The Ru-coated SiC porous monoliths were mounted in the microchannels of an alumina housing using ceramic paste. The high-density, non-porous alumina housing structure, consisting of five identical channels in parallel that are each 400 µm wide, 150 µm high, and 3 mm long, and its matching alumina lid, were obtained after modification of the drying and sintering steps²⁶ of the gelcasting procedure developed previously by Young et al.²⁸ for the fabrication of ceramic structures with much larger feature sizes. The lid, with alumina inlet and outlet tubes attached using ceramic paste, was finally mounted on top of the housing using the same paste and an integrated ceramic microreactor was obtained after curing of the paste (Fig. 1c).

In a previous study, we used these integrated ceramic microreactors, comprising Ru-coated SiC catalytic monoliths, for the decomposition of NH₃ to produce up to 54 sccm of H₂ (∼9.8 × 10⁴ sccm H₂ produced per cm³ of monolith).²⁶ We showed that the microreactors did not fail after more than 15 thermal cycles and that catalyst deactivation did not occur at temperatures as high as 1000 °C.²⁶ In this study, we used the same microreactors, 0.55 mm³ in total SiC monolith volume with different pore sizes, for on-site H₂ production by the steam reforming of propane. We characterized the performance of these microreactors by studying the conversion of C₃H₈ and the selectivity toward H₂ as a function of the total inlet flow rate (Q_tot), the steam-to-carbon ratio (S/C), and temperature. The flow rates of C₃H₈, steam, and helium in the feed stream for different Q_tot and S/C are listed in Table 1.
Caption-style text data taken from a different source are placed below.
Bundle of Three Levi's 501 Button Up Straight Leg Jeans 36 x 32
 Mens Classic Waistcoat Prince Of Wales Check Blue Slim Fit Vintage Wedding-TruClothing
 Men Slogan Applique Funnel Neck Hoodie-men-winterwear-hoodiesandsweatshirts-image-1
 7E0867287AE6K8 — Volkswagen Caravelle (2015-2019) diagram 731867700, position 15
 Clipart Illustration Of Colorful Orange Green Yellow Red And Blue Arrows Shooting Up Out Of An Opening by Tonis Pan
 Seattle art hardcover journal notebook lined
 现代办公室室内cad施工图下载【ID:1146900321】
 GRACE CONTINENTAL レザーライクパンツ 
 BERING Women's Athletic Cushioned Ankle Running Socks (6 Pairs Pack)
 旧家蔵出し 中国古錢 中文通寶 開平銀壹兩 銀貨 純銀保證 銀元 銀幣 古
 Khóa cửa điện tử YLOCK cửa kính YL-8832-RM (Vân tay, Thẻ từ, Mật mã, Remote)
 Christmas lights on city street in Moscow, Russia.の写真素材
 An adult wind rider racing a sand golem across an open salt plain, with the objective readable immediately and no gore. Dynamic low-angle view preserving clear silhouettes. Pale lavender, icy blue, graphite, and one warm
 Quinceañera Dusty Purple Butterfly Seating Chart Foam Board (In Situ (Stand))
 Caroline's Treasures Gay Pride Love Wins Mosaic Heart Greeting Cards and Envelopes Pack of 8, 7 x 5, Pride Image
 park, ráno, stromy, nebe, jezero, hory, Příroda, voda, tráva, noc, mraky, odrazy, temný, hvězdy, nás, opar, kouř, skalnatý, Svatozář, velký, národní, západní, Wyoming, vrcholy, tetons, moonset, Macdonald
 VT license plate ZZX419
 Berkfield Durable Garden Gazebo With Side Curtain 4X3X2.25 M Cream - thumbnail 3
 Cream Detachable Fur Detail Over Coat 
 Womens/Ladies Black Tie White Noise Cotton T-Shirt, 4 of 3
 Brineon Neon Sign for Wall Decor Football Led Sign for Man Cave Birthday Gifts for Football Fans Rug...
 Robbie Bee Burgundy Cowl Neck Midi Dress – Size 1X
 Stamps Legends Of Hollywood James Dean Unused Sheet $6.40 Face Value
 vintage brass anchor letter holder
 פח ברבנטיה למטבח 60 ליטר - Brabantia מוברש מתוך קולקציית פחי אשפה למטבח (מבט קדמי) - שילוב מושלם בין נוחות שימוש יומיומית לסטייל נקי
The dried product stream consisted mainly of H₂ and CO (up to 69 and 25 vol.% on a dry basis, respectively) as shown in Fig. 3, obtained using 7.2 µm SiC porous monoliths at a Q_tot of 20 sccm and a S/C of 1.33. The remaining gases were unreacted C₃H₈ (as low as 0.01 vol.% at 1000 °C), CO₂, and small amounts of the side products CH₄, C₂H₄, and C₃H₆. The product gas composition in Fig. 3 is representative of the composition over the different Q_tot, S/C, and SiC pore sizes used in this study. Table 3 lists the corresponding values of the product gas composition from Fig. 3 at 800, 900, and 1000 °C. The presence of side products indicates that reactions such as the decomposition of C₃H₈ are also occurring. The amounts of these side products can be reduced by reducing the residence time to prevent the homogeneous decomposition of C₃H₈, and by using a catalyst with a higher selectivity toward H₂ formation (eqn (1)). The product gas contains two major side products (Table 3): about 1.8 vol.% of CO₂, which may be formed by the water gas shift (WGS) reaction (eqn (6));³³ and up to 4.3 vol.% of CH₄, which may be produced by the methanation of CO (eqn (7))^18,34 and the homogeneous decomposition of C₃H₈.

CO + H₂O ↔ CO₂ + H₂ (6)

CO + 3H₂ ↔ CH₄ + H₂O (7)

Fig. 3 Product gas composition (dry basis) of the effluent stream as a function of temperature obtained using a microreactor with a Ru-coated SiC porous monoliths with 7.2 µm pore size for Q_tot = 20 sccm and S/C = 1.33. The corresponding values of the product gas composition at 800, 900, and 1000 °C are listed in Table 3.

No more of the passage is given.